▸ Task details
Beginning with the line that contains "Komatsu PC 240-8 Гусеничні екскаватори", write out each remaining line of the records below exactly. Do not copy any picture.

*** Opening Data extract ***

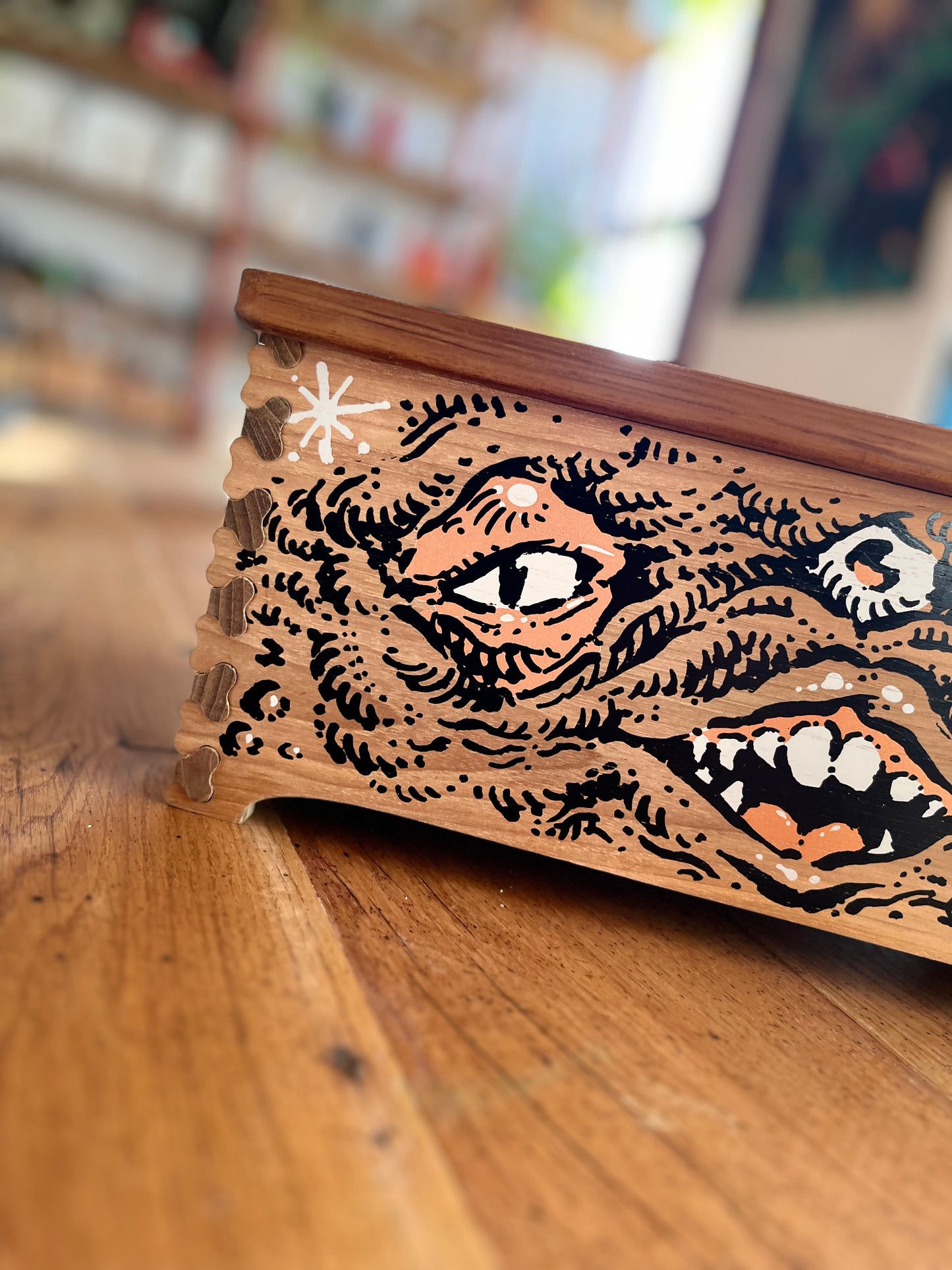 The warrior Box (BATCH II)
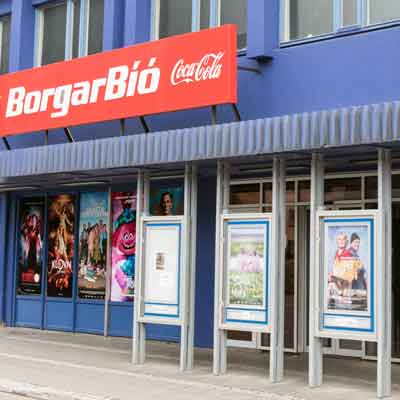 Borgarb&iacute;&oacute; Kino in Akureyri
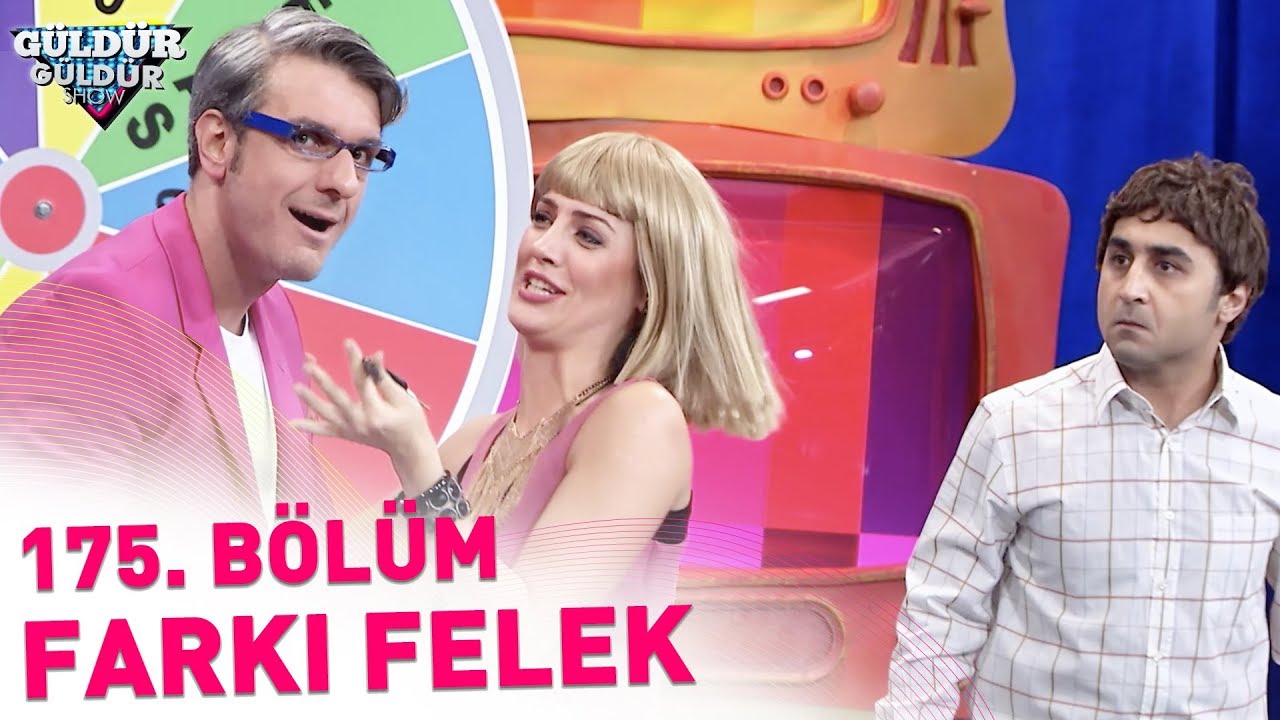 Güldür Güldür Show 175. Bölüm | Farkı Felek
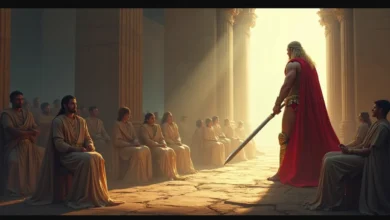 A história do Príncipe Adam e sua transformação no herói He-Man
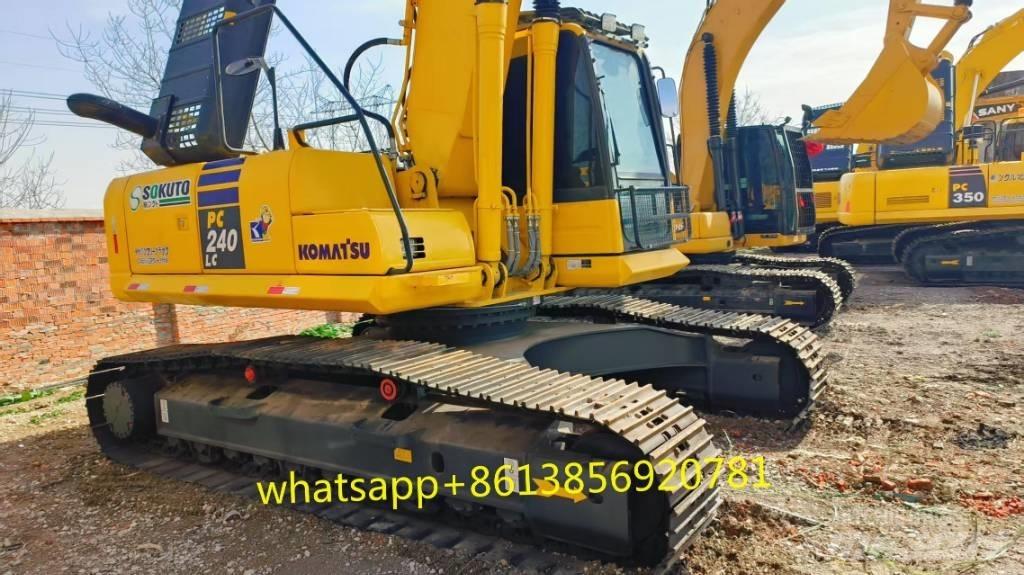 Komatsu PC 240-8 Гусеничні екскаватори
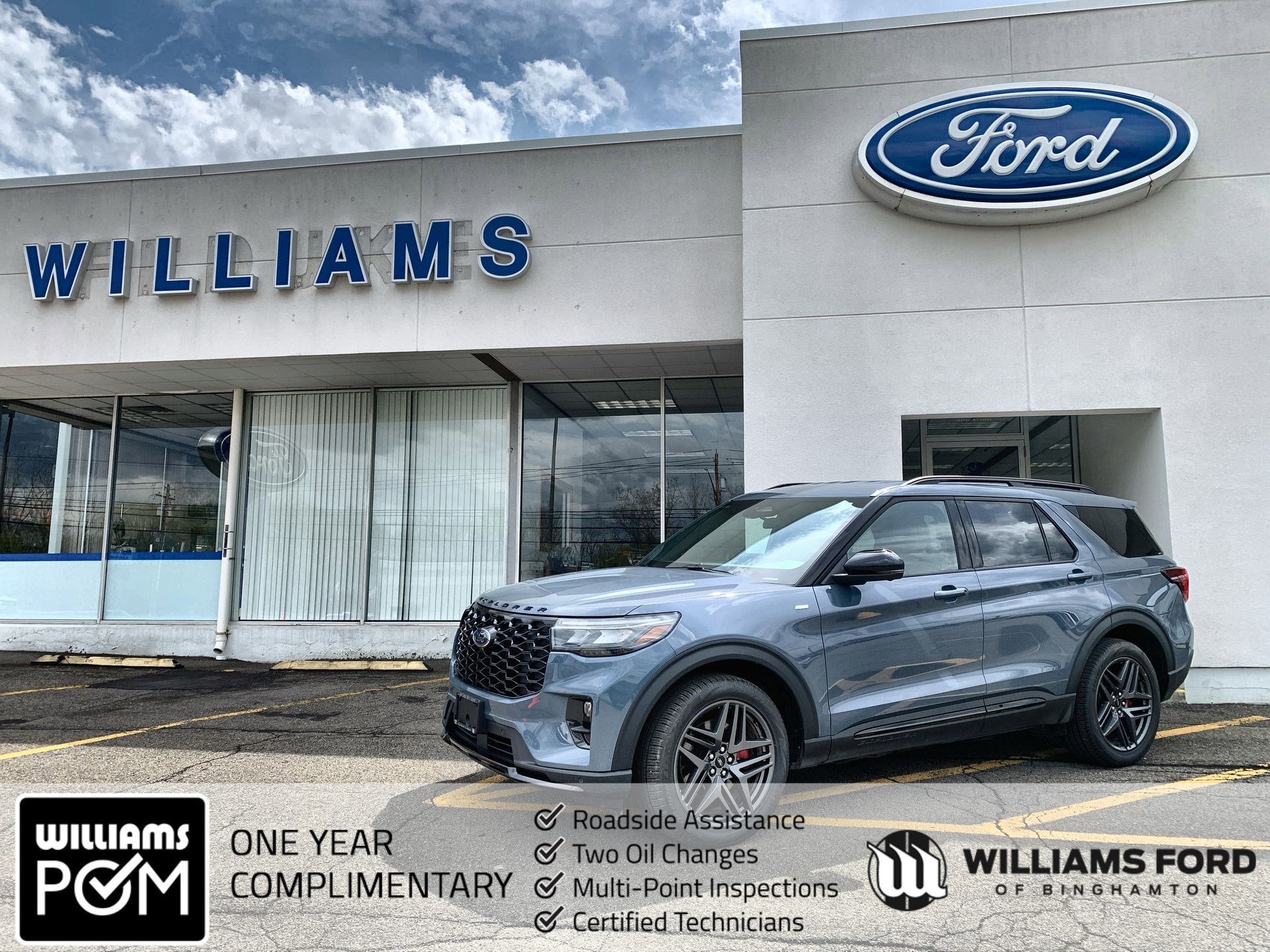 2026 Ford Explorer ST-Line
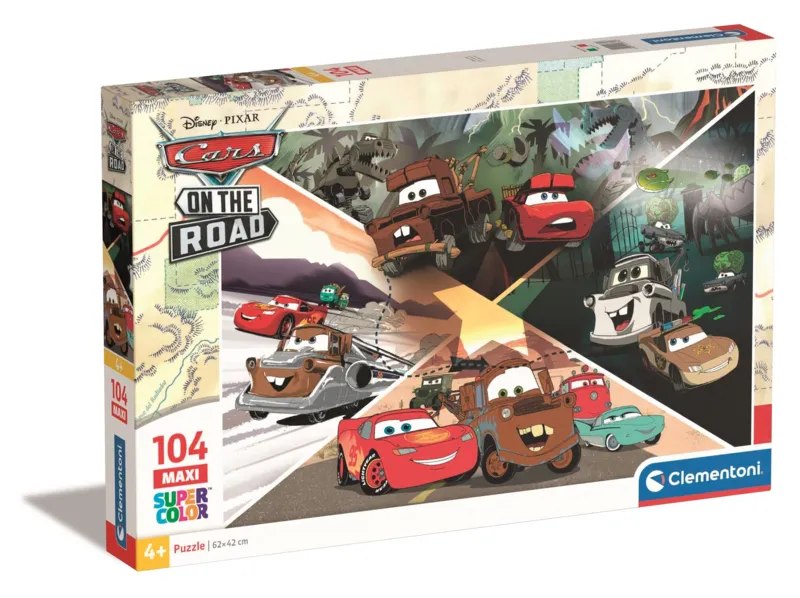 XXL Pieces - Cars on the road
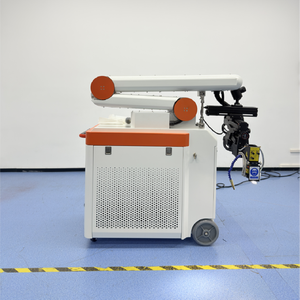 Machine de soudage laser à fibre motorisée QCW 150W 300W pour moules, machine de réparation de moules en acier inoxydable - Product Image 5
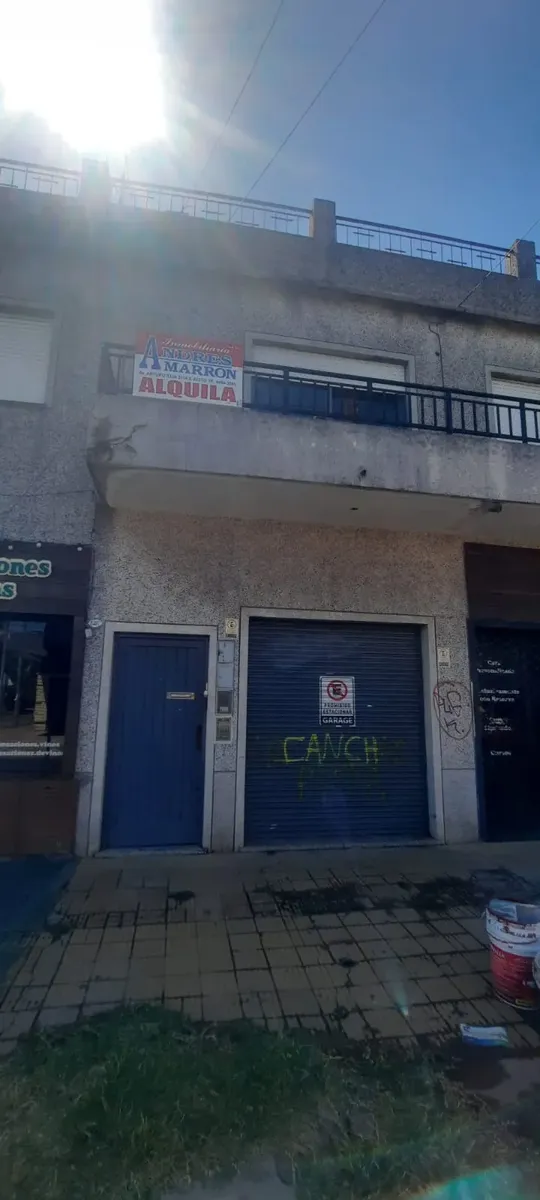 Departamento de 2 ambientes con cochera en Villa Luzuriaga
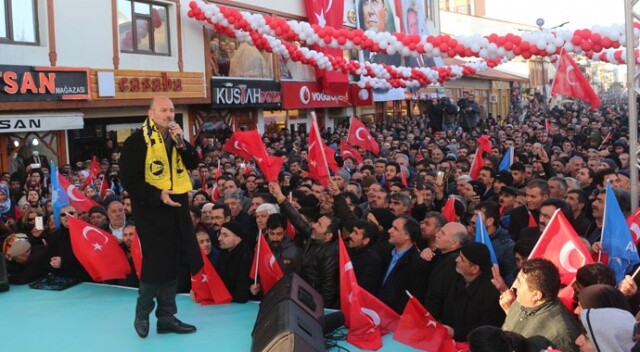 İçişleri Bakanı Soylu: ”Terör örgütü PKK artık milletimizin huzurunu bozamayacak”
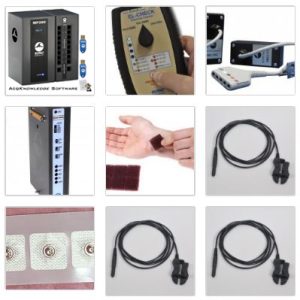 MP200 System + EGG amp & disposable cloth electrodes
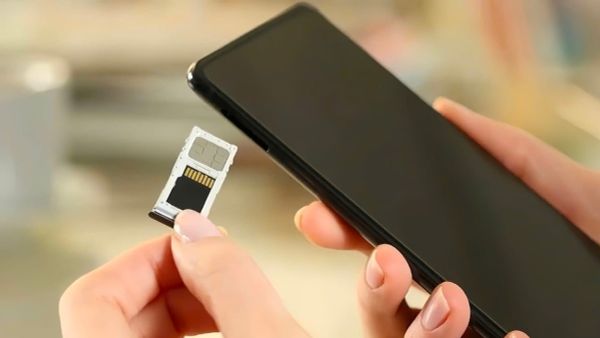 điện thoại Samsung không nhận SIM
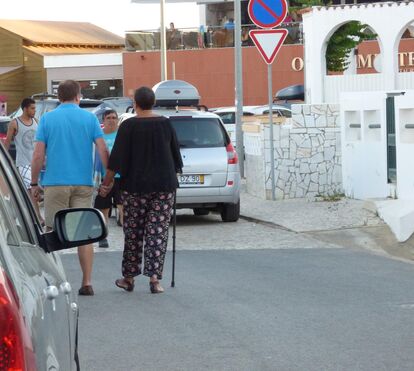 EXCLUSIVO: As primeiras imagens de Passos Coelho e Laura a namorar no Algarve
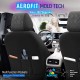 Καλύμματα Αυτοκινήτου Otom Pulse Design Universal Δερματίνη / Rachel Σετ Εμπρός / Πίσω Μαύρο PLS-2901 11 Τεμάχια - 11815 49380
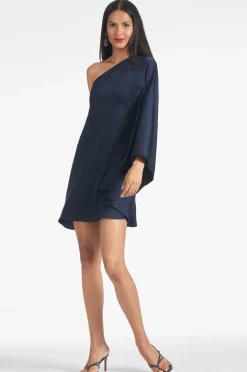 Sachin & Babi Evening|One Shoulder<Mena Dress -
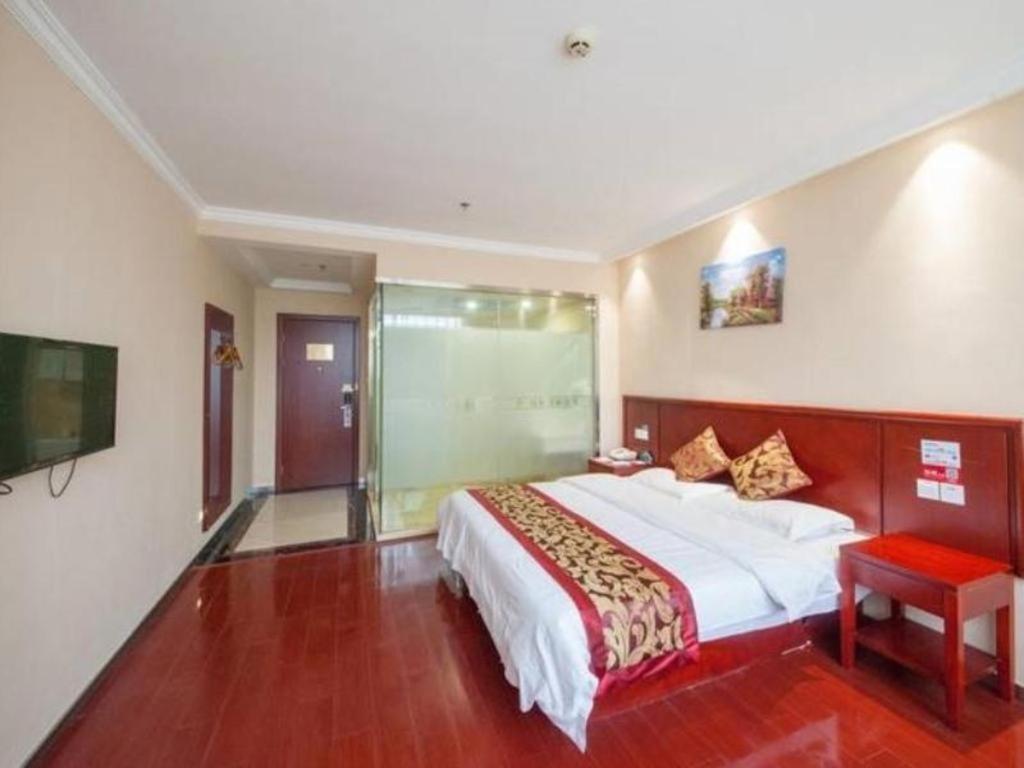 Greentree Inn Jiangsu Nantong Qidong Bus Station Express Hotel Hexingzhen Екстер'єр фото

*** Closing Data extract ***

▸ Task solution
 Komatsu PC 240-8 Гусеничні екскаватори
 2026 Ford Explorer ST-Line
 XXL Pieces - Cars on the road
 Machine de soudage laser à fibre motorisée QCW 150W 300W pour moules, machine de réparation de moules en acier inoxydable - Product Image 5
 Departamento de 2 ambientes con cochera en Villa Luzuriaga
 İçişleri Bakanı Soylu: ”Terör örgütü PKK artık milletimizin huzurunu bozamayacak”
 MP200 System + EGG amp & disposable cloth electrodes
 điện thoại Samsung không nhận SIM
 EXCLUSIVO: As primeiras imagens de Passos Coelho e Laura a namorar no Algarve
 Καλύμματα Αυτοκινήτου Otom Pulse Design Universal Δερματίνη / Rachel Σετ Εμπρός / Πίσω Μαύρο PLS-2901 11 Τεμάχια - 11815 49380
 Sachin & Babi Evening|One Shoulder<Mena Dress -
 Greentree Inn Jiangsu Nantong Qidong Bus Station Express Hotel Hexingzhen Екстер'єр фото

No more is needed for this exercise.